# 410 prices and gun reccommendations. Please Help!!



## Camo (Oct 28, 2005)

I want to buy a four ten for my house up in north carolina where we just added thirty acres to the property and I went back there with my neighbors Mossberg bolt four ten and got a few squirrels and would really like to buy the same gun new. I cant find it anywhere on the internet but I did find a mossberg four ten pump for three hundred. Is this a good price/gun or should I keep looking? I dont want a franchi or anything just a gun that will hold up. 
Thanks, 
Curt


----------



## Remington 7400 (Dec 14, 2005)

For the money, it is hard to beat the H&R/NEF single shot(under 100 dollars). Mossbergs are bullet proof and 300 sounds about right.


----------



## Camo (Oct 28, 2005)

Yeah I was looking at single shots and I dont even like double barrels on a shotgun I really prefer semi pump or bolt. Thanks


----------



## Colonel Sanders (Sep 24, 2005)

I saw a mossberg .410 pump for $200 at walmart the other day.


----------



## Gohon (Feb 14, 2005)

I've got a Mossberg 410 pump and it is a dandy little squirrel gun. Light and easy carrying and has performed flawless. Only draw back and it really isn't a problem with a 410 is it is a full choke. Be nice if it had screw in chokes but you can't have everything. I paid $290 and my local gun shop but I know I could have beat the price and saved by buying at WalMart for a lot less.


----------



## honkbuster3 (Jan 11, 2006)

I agree with GOHON its a great little gun for a cheap price go with it


----------



## greenheadfallon (Oct 19, 2005)

I have a NEF single shot and it's a fun gun to shoot but it's just so darn small.


----------



## pennsyltucky (Oct 30, 2005)

Camo said:


> Yeah I was looking at single shots and I dont even like double barrels on a shotgun I really prefer semi pump or bolt. Thanks


a bolt over the ease and grace of a double???

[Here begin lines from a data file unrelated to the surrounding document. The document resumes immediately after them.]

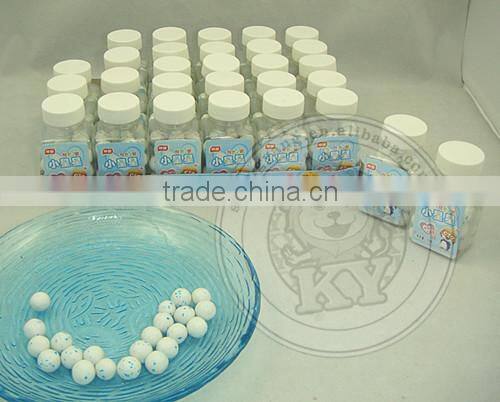 Mini Round Dextrose candy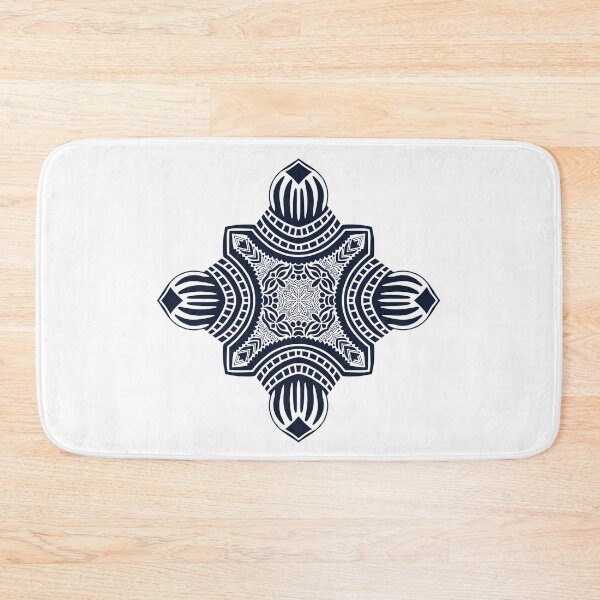 Item preview, Folk mandala  designed and sold by worldion.
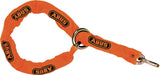 ABUS 9KS200 Kätting 200 cm Orange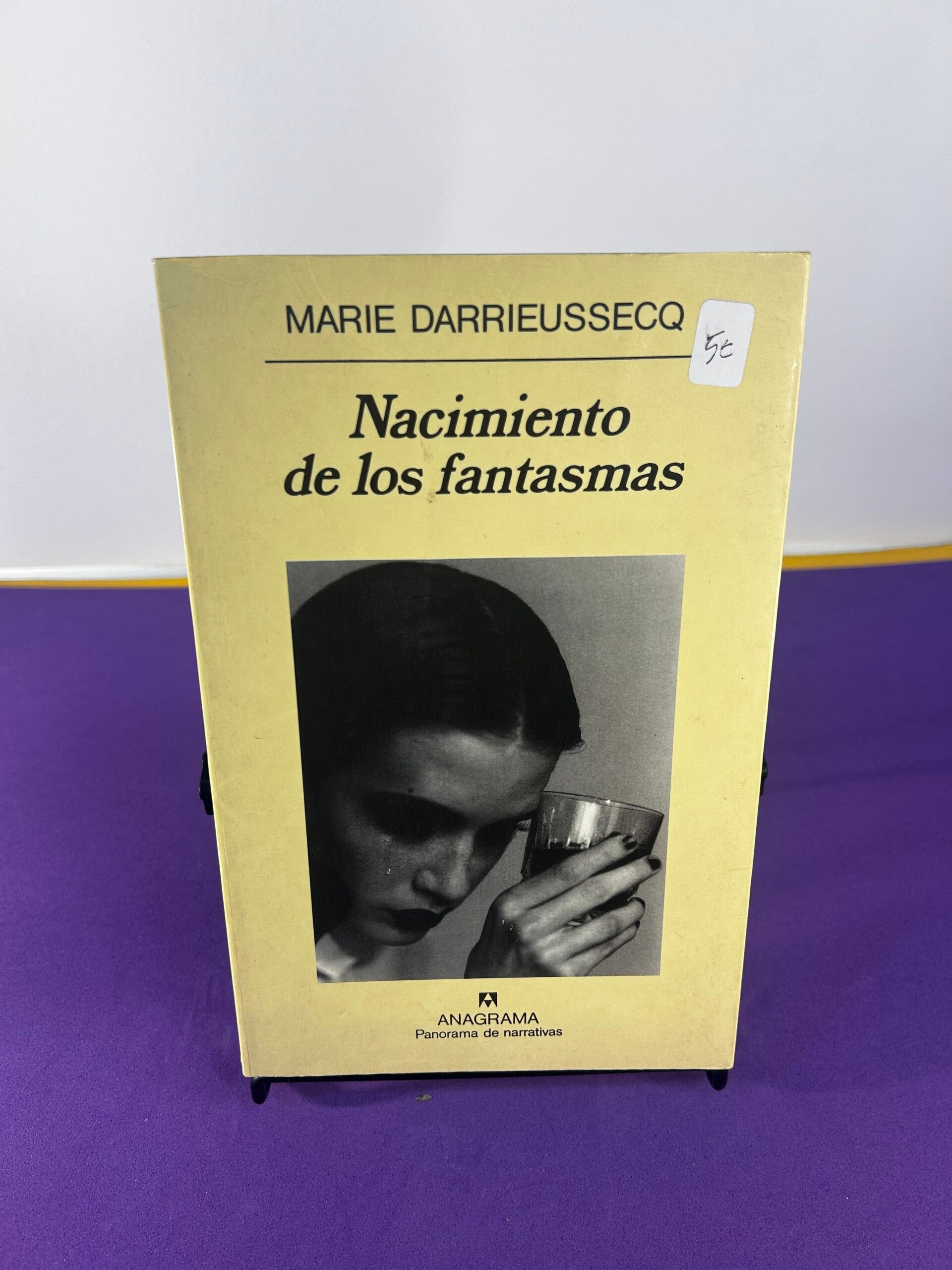 Nacimiento de los fantasmas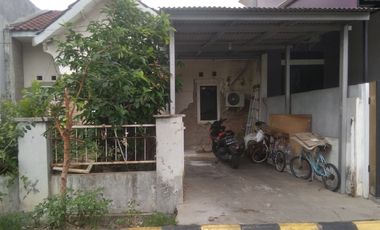 Rumah Sederhana Duta Bintaro Cluster Sanur, Tangerang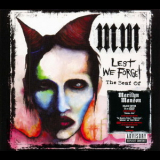 Marilyn Manson - Lest  We Forget The Best Of '2004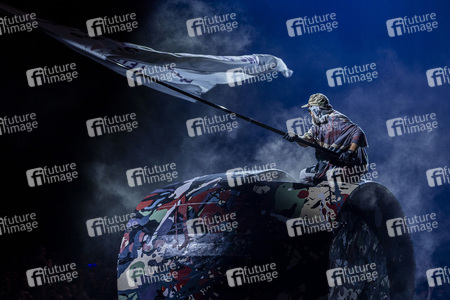 Konzert von Deichkind in Erfurt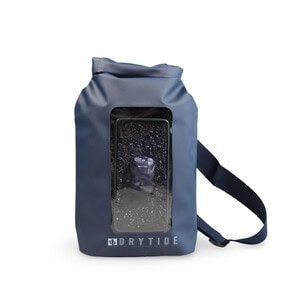 DryTide 5L dry bag with window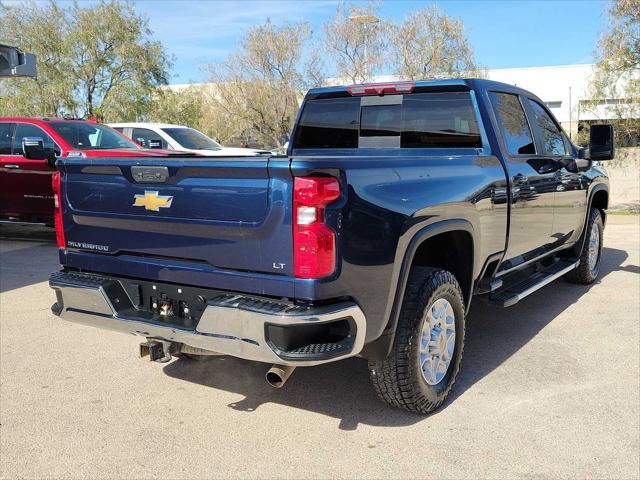 used 2022 Chevrolet Silverado 2500 car, priced at $37,987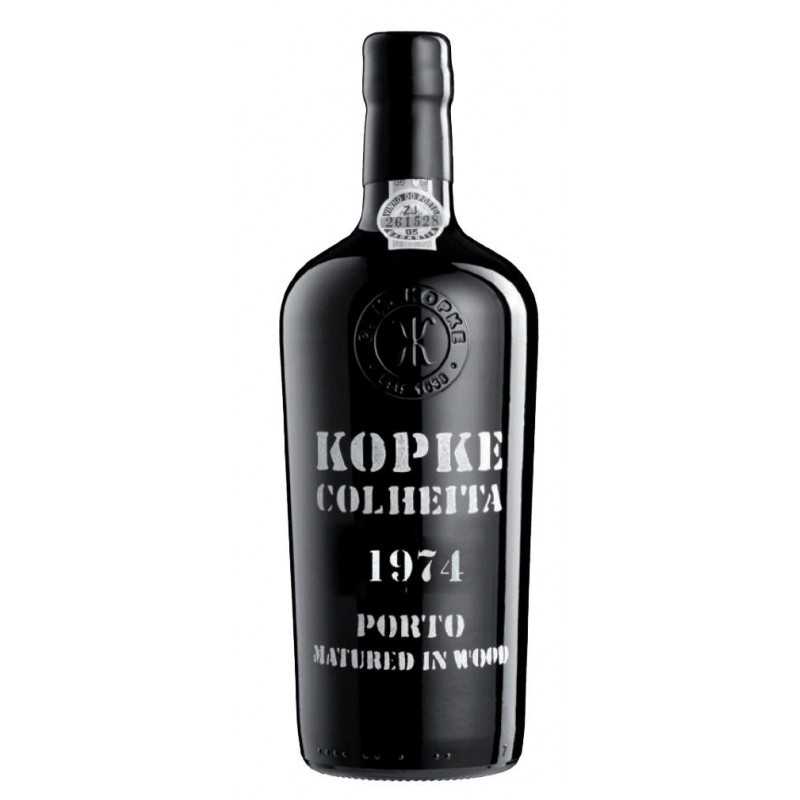 Kopke Colheita 1974 Port Wijn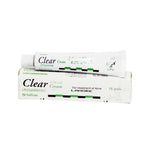Clear Cream 0.1%, 15g - Saffron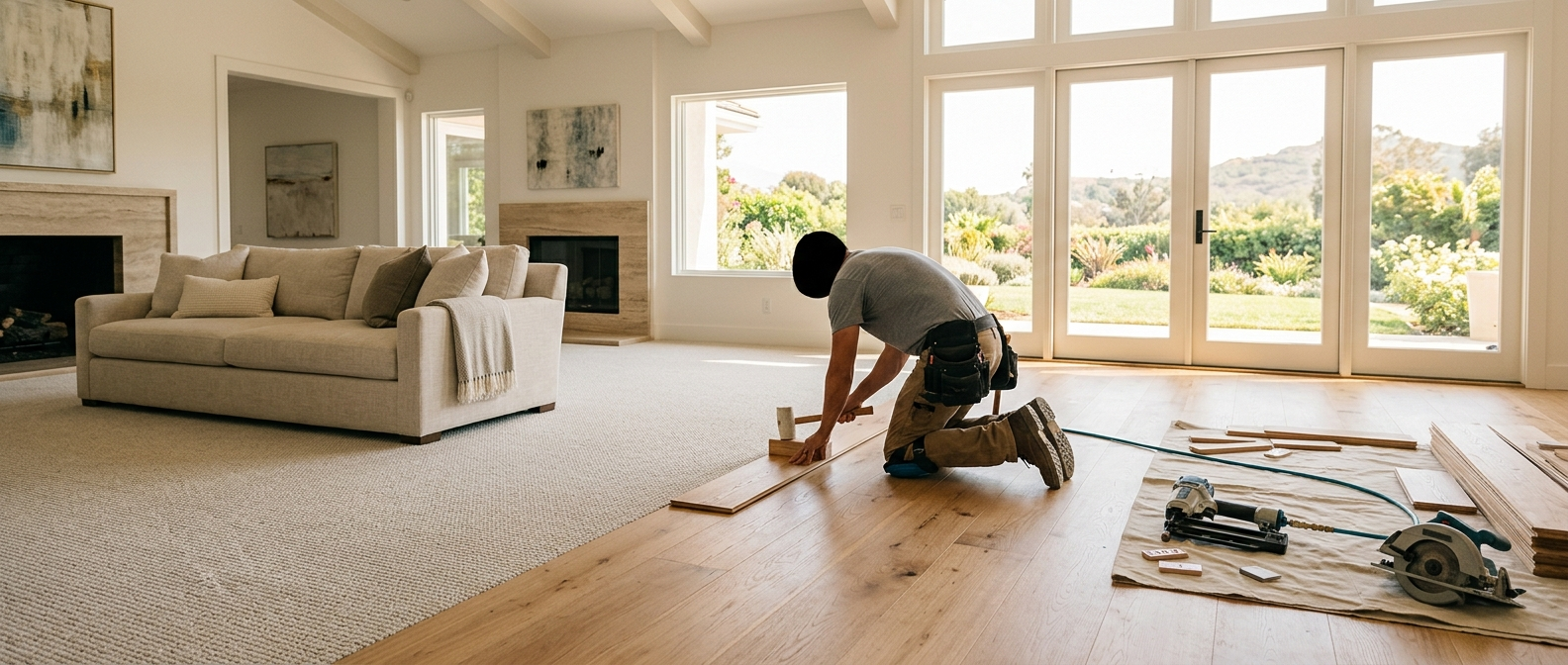 Cleaning in Lake Forest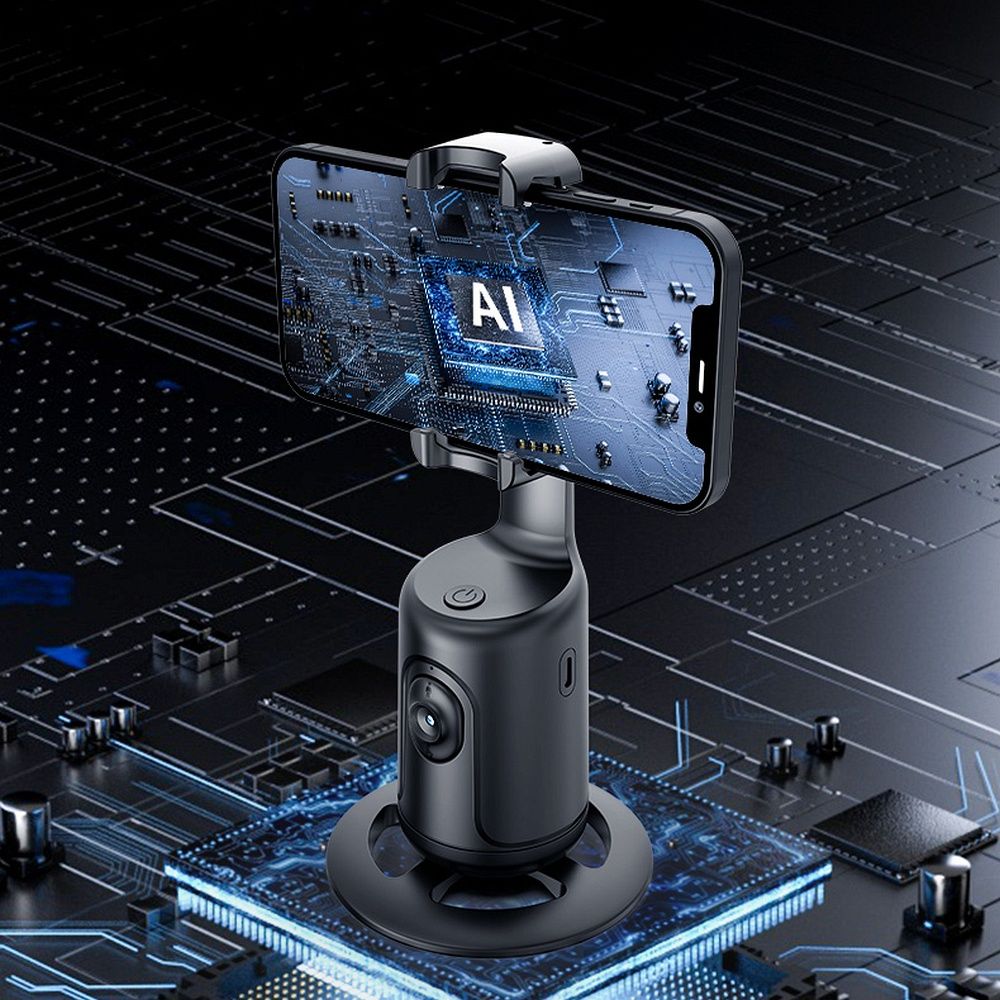 Tischhalterung mit intelligenter Gesichts- und Gestenerkennung P1 – Bild 6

u might find somethin on gunbroker.....
http://www.gunbroker.com/Auction/Browse.asp?Cat=980
type 410 in the search

http://www.gunbroker.com/Auction/ViewIt ... m=43703368


----------



## gooseboy (Sep 13, 2005)

I'm pretty sure that you can buy chokes that will convert a 12 guage into a 410.


----------



## pennsyltucky (Oct 30, 2005)

not "chokes" theyre called "little skeeters" and they are a sleeve that lets the chamber of the 12 shoot a 410 shell. but they cant be used for hunting. the speed and patterns are nothing compared to the real thing.


----------



## Burly1 (Sep 20, 2003)

I don't want to start an argument here, but my experience with the "little skeeters" is vastly different from that of my friend from pennsyltucky. I have shot .28 gauge tubes in a couple of different double barrels and find that they not only pattern well but are an economical way to get into the sub gauge game. Several of my sporting clays acquaintences have used them in different gauges with great success. If they are something that might work for you, don't be afraid to try them. Getting back to the original subject, the Mossbergs are really a tough shotgun and tend to get smoother the more they are used. A good choice. Good shooting, Burl


----------